Interesting read. I'm not much of a historian, but i'm interested in what the trade good and population density compositions would look like if you could provide that later.
One of my books has very good population density maps for various points in Chinese history, but unfortunately I'm in the middle of a move and my books are all boxed up. I'll dig around online to see if I can find any good ones in the meantime.
Regarding trade goods, almost all of the goods mentioned in the
Trade dev diary are produced somewhere in or near China (exceptions are things like woad, glass, or papyrus). Silk was the major international export, since silk production techniques were virtually unknown outside of China until well after the end of I:R's timeline, but the volume of internal trade was very high and regional trade supported the growth of major cities in China just as it did in the Mediterranean (in the Warring States period, these were mainly state capitals; by the early Han they had the imperial capital Chang'an plus the Five Metropolises).

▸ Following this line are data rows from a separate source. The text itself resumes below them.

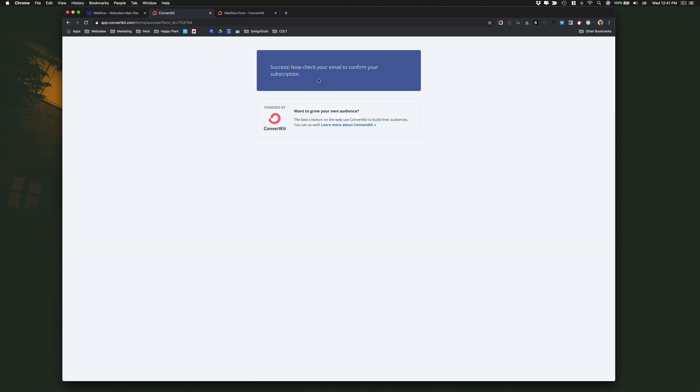And here, you can see that's already sending me an email confirmation and see how it's powered by ConvertKit. So this page you can change but more or less that's the first steps of getting Webflow and ConvertKit integrated with one another. So hope this was helpful. Thanks for watching.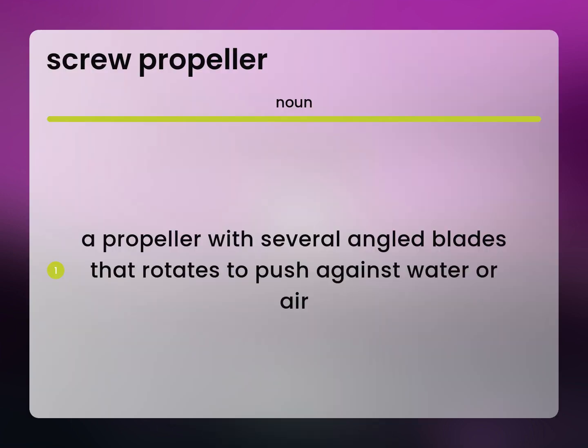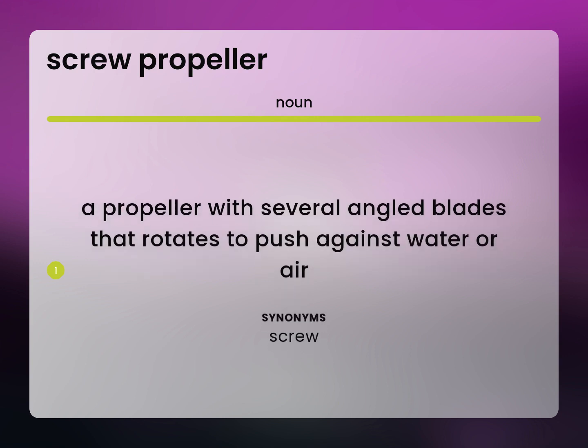Screw. A propeller with several angled blades that rotates to push against water or air.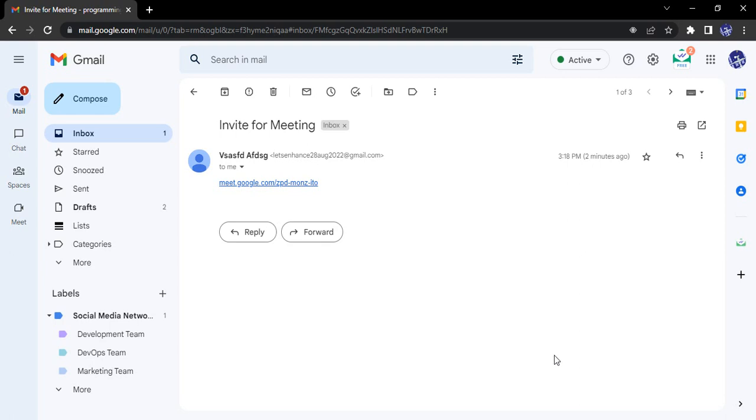Hello everyone, welcome to Gmail tutorials. In this video we are going to talk about a very important feature of Google Meet, that is the companion mode.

Salt and iron production were staples of the economy and the state finances; stone was less important because construction was mainly in wood, rammed earth, or bricks rather than quarried stone and writing was done on silk, cloth or wooden slats rather than on papyrus. But it's particularly important that horses were only readily available in the band of grassland contested between the Chinese and the nomads. Han's westward expansion during the time of Han Wudi was motivated in large part by the need for horses to supply the Han cavalry in their wars against the Xiongnu.
It's also worth noting that elephants were indigenous to what is now southwestern China, and although I don't know of references to them being used in war during I:R's timeframe they certainly were a few centuries later. They could add a little more variety to warfare in the region.
Icedt729 might want to talk about the Xiongnu and Mongolia so I won't go into it too much, but the consolidation of Chinese states and their encroachment onto the steppe was the direct cause of the Xiongnu unifying and posing such a potent threat to the Han Dynasty; as a game mechanic I think it's practically ideal--the Chinese states will be fighting insularly for the first half of the game, and then unify only to find the Xiongnu have now emerged as a peer to whoever managed to win.
I probably should have led in with the Xiongnu, since including the eastern steppe would be just as important an addition was China proper and would arguably have more impact on the rest of I:R's map. I decided to leave them out just because we haven't had any dev diaries that deal with nomads yet, so I don't know if they're going to just be "regular tribals with horse archers" or if there are special mechanics planned for them. Either way, the Xiongnu are the prototype for all later steppe empires and were responsible for displacing the Yuezhi into Central Asia during the I:R timeline, leading to the destruction of the Greco-Bactrian and Indo-Greek kingdoms and the rise of the Kushanas in their place. The Han-Xiongnu rivalry was truly epic in its own right and regularly spilled over into the Tarim basin and Ferghana valley, which are already on-map.